OK, the other good thing is ...
I'm sorry, I have to get this column in by the deadline. I don't have another
half hour to sit here trying to think of something nice to say.
The writing of the script was childish. All the jokes were at the junior high
level. The kind of humor that you expect from 12-year-old boys; the kind that
makes 12-year-old girls wince and turn away.
Maybe that's right for a comic book movie, but I don't think so. When people
(even kids!) read a comic book and then see it brought to the screen, they want
the movie to make it more real, not sillier.
It is not the fault of the cast. Michael Chiklis and Ioan Gruffudd are excellent,
serious actors and they do the best they can (though really, all Chiklis is asked
to do in this movie is be cute and cuddly).
The trouble is that the movie makes their powers look so silly that it completely
destroys any believability that the actors manage to create. The animation of
Gruffudd's arms and legs as they stretch seems to come out of The Mask --
which, if you'll recall, was meant to look cartoony and funny.
And when Chris Evans -- who might be able to act; no one can tell yet --
flames up and flies, it just makes you sad for an actor who thought this was
his big career break.
Only Jessica Alba belongs in this movie, because she actually is as talent-free
as the script requires.
The saddest thing is that the writers thought they were doing characterization.
But in all those Hollywood screenwriting classes that everybody takes so
seriously, apparently nobody teaches the difference between character and
caricature, between reality and cliche.
The result is that as Reed Richards (Gruffudd) and Sue Storm (Alba) are
preparing to get married, we want to scream at the screen: No, don't let them
get married! They might have children! It would be a tragedy!
The Incredibles had more realistic characterization and far better writing.
There's nothing wrong with the Fantastic Four movie series that could not be
fixed by destroying every copy of the film.
*
Last fall I was so busy with teaching and commuting and trying to get things
written that I managed to miss both of the magician movies that came out
then.
Not that I saw no movies at all. But somehow I never found the time to see
these movies.
I think part of the reason was that to have two magician movies come out at
the same time, with similar-looking trailers, weakened them both. It looked
like this was just another Hollywood fad.
But we did buy both DVDs and finally got a chance to watch them and ... wow.
They could not be more different -- yet both of them are exceptionally good
movies.
What they have in common is the obvious plot -- to make the audience wonder
if what they saw was real or illusion. Can the magician actually do magic? Or
is it all, ultimately, a trick.
In The Prestige, Christian Bale and Hugh Jackman (yes, the cast is that good)
play rival magicians. Jackman becomes obsessed with a particular trick that
Bale is able to bring off, and decides that the inventor Tesla (David Bowie) must
have created a teleporting machine for him.

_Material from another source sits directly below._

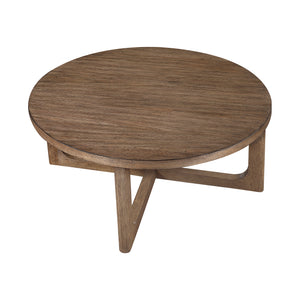 Wood Cocktail Table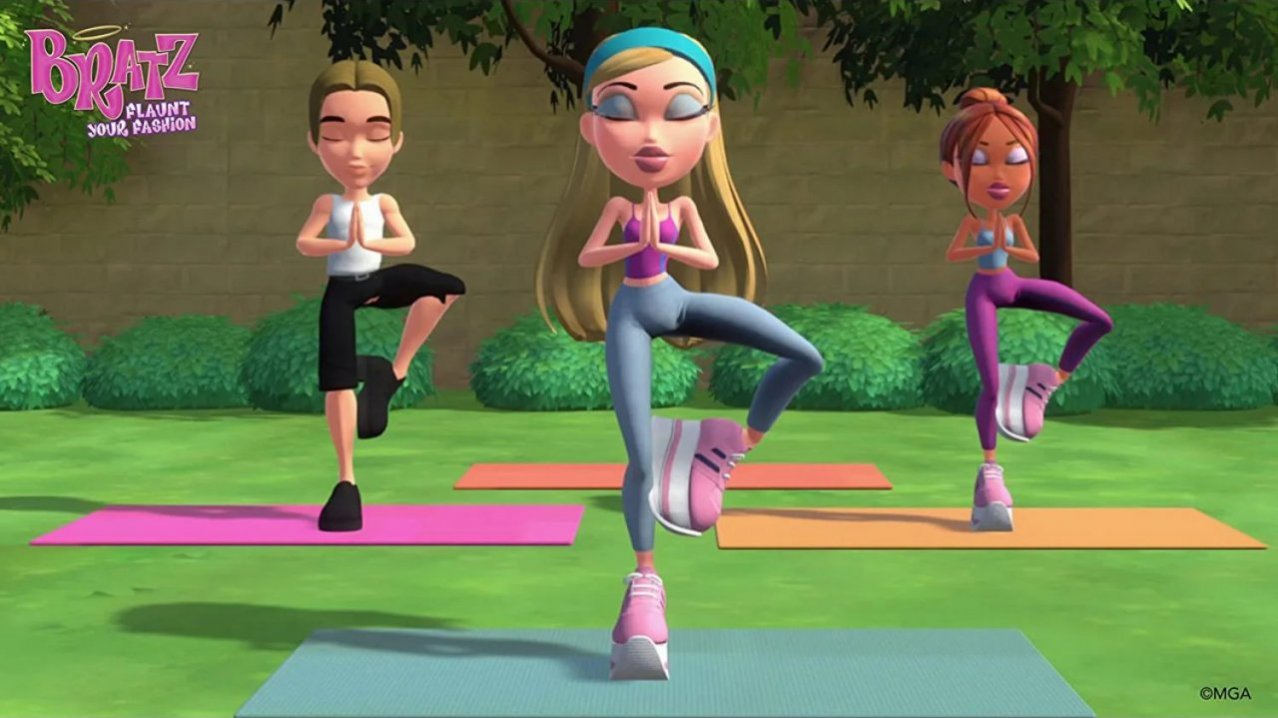 Скриншот игры Bratz: Flaunt Your Fashion для Ps4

So Jackman nags -- and pays -- Tesla until he gets something like the
machine he wants. There is, unfortunately, one glitch in the machine. But
Jackman is willing to pay the price.
It is a movie of unusual cruelty to its characters. When the truth of everything
is revealed, you marvel, not at the magic, but at the hideous things each is
willing to do to himself in order to try to hurt the other.
If there's a flaw in The Prestige, it's that the story is so convoluted in the way it
unfolds that at times you can be confused about when a given scene is taking
place -- was it before or after this or that event? Eventually, though, it all
comes clear.
The film is based on a novel by Christopher Priest, which is part of the reason
why it's such an intelligent yet painful film. This is an intelligent horror film.
Instead of playing the standard scare tricks, it is the realization of the truth
that horrifies us.
The Illusionist, by contrast, is primarily a love story. In imperial Vienna, a
young commoner becomes best friends with the daughter of a noble house.
Forcibly separated, they don't forget each other as they grow up.
The girl (Jessica Biel) becomes a beauty whom the crown prince of Austria-Hungary covets as his bride -- provided she's willing to go along with his plan
to overthrow his father and save the empire from its fatal decadence.
But the boy grows up to be Eisenheim (Edward Norton), an illusionist whose
tricks are so real and unusual that both his audiences in the film and the real
audience in the movie house are convinced that he is doing real magic, not
illusions at all.
(Not that we who watch the film forget that it's fiction -- but we believe that
within the story Eisenheim's illusions are supposed to be real magic.)
It quickly becomes a struggle between the prince (Rufus Sewell) and Eiseneim
for the life of the girl. The prince is known to be violent and when he leaves
her, she is found dead -- and Eisenheim begins his revenge.
Based on a story by Steven Millhauser, this film is every bit as dazzling -- and
morally intriguing -- as The Prestige. But it is not horror, except in a vague
way.
A bit of a spoiler in this paragraph: Skip to the next one if you want to be fooled
by the films. I warned you. The slight problem with The Illusionist is that there
are tricks that, while they are "explained" as mere illusions, what we actually
saw in the film was not explainable in the way the film tries to explain it. This
is fine on first viewing, but feels like a cheat the second time.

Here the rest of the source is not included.